The following figure shows the flow of operations in this system.
- Organization of this subsection
(2) Adding the next month's product data to chunks in wait status (background import)
(4) Merging chunks in wait status (to reduce the number of chunks)
(5) Changing the chunk status (switching the product data to be analyzed)
(8) Repeatedly adding new data, merging, changing status, and deleting old data
(1) Defining a multi-chunk table and indexes
To manage product data centrally, you need to define a product table (ITEMLIST) and indexes.
(a) Defining the product table (ITEMLIST)
Define the product table (ITEMLIST) to be stored in the DB area TBLDAT_002. Also, define the product table as a multi-chunk table to perform background import.
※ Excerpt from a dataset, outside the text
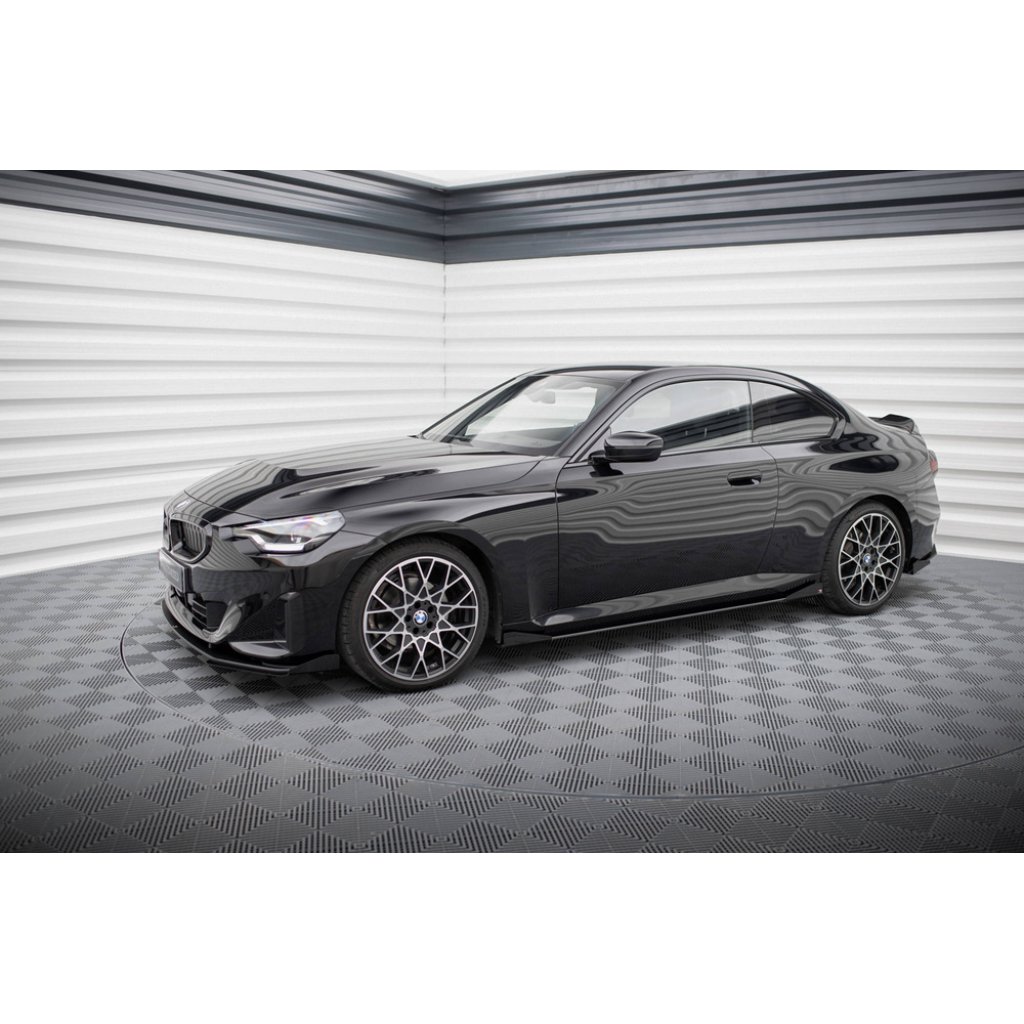 Maxton Design "Street Pro" difuzory pod boční prahy s křidélky pro BMW řada 2 G42 Standard, plast ABS bez povrchové úpravy, s červenou linkou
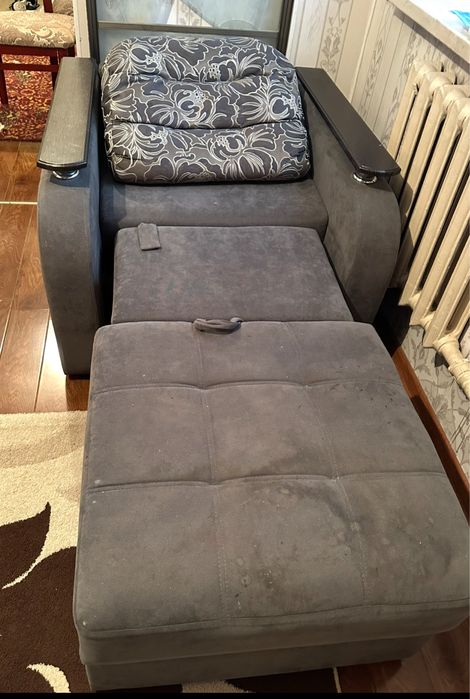 Стол 2м*90 Стулья Шкаф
In this operation example, the following number of chunks is required:
-
The chunk containing the current month's product data that is to be analyzed (one chunk)
-
The chunks containing product data sent from branch offices (11 chunks)
Because there are 10 branch offices, 10 chunks are needed to import the data of those branch offices. In addition, one chunk is needed to merge those 10 chunks. Therefore, 11 chunks are needed in total.
-
The chunks containing product data that are not subject to analysis (six chunks)
Assuming a safety factor of 1.2, the maximum number of chunks that can be created is as follows:
maximum-number-of-chunks-to-be-created = ↑(1 + 11 + 6) × 1.2 (safety factor)↑ = 22
- Note
-
If the number of chunks increases, this negatively impacts retrieval performance. Therefore, we recommend that you design and operate your database system to minimize the number of chunks that are used.
Based on this estimate, specify 22 as the maximum number of chunks. Specify this value for CHUNK of the chunk specification in the CREATE TABLE statement. The following shows an SQL statement example.
- ■ SQL statement example
-
CREATE TABLE "ITEMLIST" ("SHOP_ID" INT,"DELIVERY_TIME" TIMESTAMP, "ITEM_ID" INT, "ITEM_NAME" VARCHAR(100)) IN "TBLDAT002" CHUNK=22
For details about the CREATE TABLE statement, see CREATE TABLE (define a table) in Definition SQL in the manual HADB SQL Reference.
(b) Defining indexes for the product table (ITEMLIST)
Define a B-tree index and a range index for the product table. Define these indexes so that they will be stored in DB areas IDXDAT_002 and RIXDAT_002, respectively.
Define a B-tree index for the product ID (ITEM_ID column) and a range index for the delivery time (DELIVERY_TIME column). The following shows an SQL statement example.
- ■ SQL statement example
-
CREATE INDEX "ITEM_ID_IDX" ON "ITEMLIST"("ITEM_ID") IN "IDXDAT_002" EMPTY CREATE INDEX "DELIVERY_TIME_RIX" ON "ITEMLIST"("DELIVERY_TIME") IN "RIXDAT_002" EMPTY INDEXTYPE RANGE
For details about the CREATE INDEX statement, see CREATE INDEX (define an index) in Definition SQL in the manual HADB SQL Reference.
(c) Table used in this operation example
The following figure shows a portion of the table used in this operation example.
(2) Adding the next month's product data to chunks in wait status (background import)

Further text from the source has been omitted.